Odświeżone logo i marka PZU za 25 mln zł. Zdaniem Andrzeja Klesyka, prezesa PZU, efekty zmian pokazują, że warto było zainwestować w nowy wizerunek. W ten sposób odpiera krytykę tych, którym logo się nie podoba. – Krytykują ludzie w moim wieku lub starsi, którzy byli przyzwyczajeni do poprzedniego – podkreśla Andrzej Klesyk.
Jak podkreśla prezes PZU, odświeżenie marki przyniosło oczekiwane rezultaty.
– Jestem bardzo zadowolony z rebrandingu. Po pierwsze dlatego, że jego koszty są znikome w porównaniu z kosztami jakiegokolwiek innego rebrandingu w Polsce. Przypomnę, że całość kosztów to grubo poniżej 25 mln złotych – mówi Andrzej Klesyk.
To zdecydowanie mniej niż na proces rebrandingu wydały m.in. firmy telekomunikacyjne. Zmiana marki Era na T-Mobile kosztowała Deutsche Telekom ok. 100 mln zł. Likwidacja marki TP SA i zamiana w Orange to koszt ponad 90 mln zł.
PZU przyznaje, że zmieniając logo chce zmienić postrzeganie spółki przez klientów.
– Zmiana logo, jego odświeżenie spowodowało, że jesteśmy dużo bardziej atrakcyjni wizerunkowo dla młodych ludzi – zapewnia Andrzej Klesyk.
Nowe logo ma symbolizować uproszczenie procedur i nowoczesne rozwiązania stosowane w spółce. Chodzi m.in. o szersze zastosowanie internetu czy skrócenie procesu likwidacji szkód.
Prezes PZU nie przejmuje się głosami sceptyków, którym nie podoba się zmiana wizerunku.
– Krytyka, którą czasem słyszę, to są osoby w moim wieku i starsze, a więc osoby, które całe życie oglądały poprzednie logo. Przypomnę, że to logo zostało wymyślone na początku lat 90. – mówi Andrzej Klesyk.
I dodaje, że nie ma dla niego lepszego komplementu niż wówczas, kiedy zmianę wizerunkową chwalą współpracownicy.
– Moi koledzy z Litwy powiedzieli: panie prezesie, wreszcie sowiecki medal zniknął z naszych klap. Dla nas PZU nie istniało przez ostatnie 20 lat. Przyszliście tutaj, otworzyliście swoją działalność jako nowoczesna firma, a jako swój znak prezentowaliście logo sowieckie, tak jak to było za czasów komunistycznych, kiedy myśmy dostawali tu medale – opowiada prezes PZU.
Z badań przeprowadzonych pod koniec maja przez firmę GfK Polonia, ponad połowie respondentów podoba się nowy wizerunek firmy i zmienione logo.
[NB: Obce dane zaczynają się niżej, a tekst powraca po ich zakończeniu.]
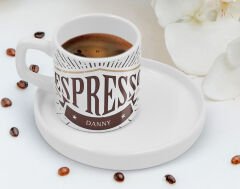 BK Gift Kişiye Özel Sunum Tabaklı İsimli Espresso Tasarımlı Kahve Fincanı-1, Arkadaşa Hediye, İş Hediyesi, Aileye Hediye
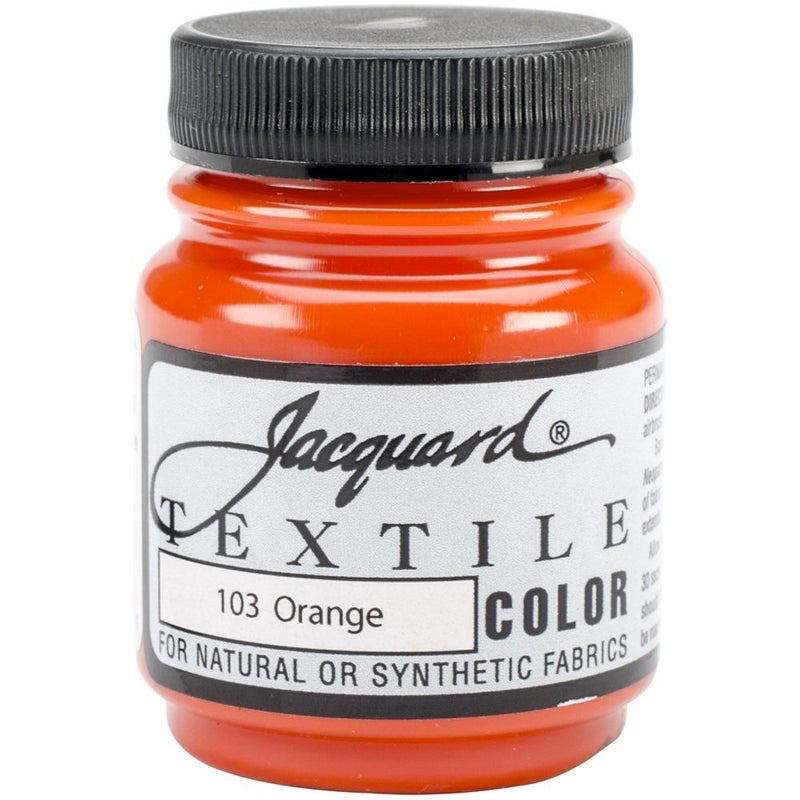 Jacquard Jacquard Textile Color Orange - Permanent Fabric Paint for Clothes, Furniture Upholstery, Shoes or Tote Bags – Indoor & Outdoor Fabric Paint – 2.25 Oz Jar, Upholstery Fabric Paint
Ponad 40 proc. pytanych po obejrzeniu nowych spotów reklamowych przyznało, że wzięłoby PZU pod uwagę w wyborze ubezpieczyciela, a co trzeci pytany zrobiłby to w pierwszej kolejności.
PZU planuje, by nowa identyfikacja wizualna została wprowadzona we wszystkich placówkach do końca sierpnia. Obejmie to ponad 1 tys. oddziałów PZU i placówek agencyjnych.
Ubezpieczyciel w ciągu następnych 2-3 lat zamierza również zmienić system informatyczny. Do końca sierpnia będzie rozstrzygnięty przetarg na jego dostawcę.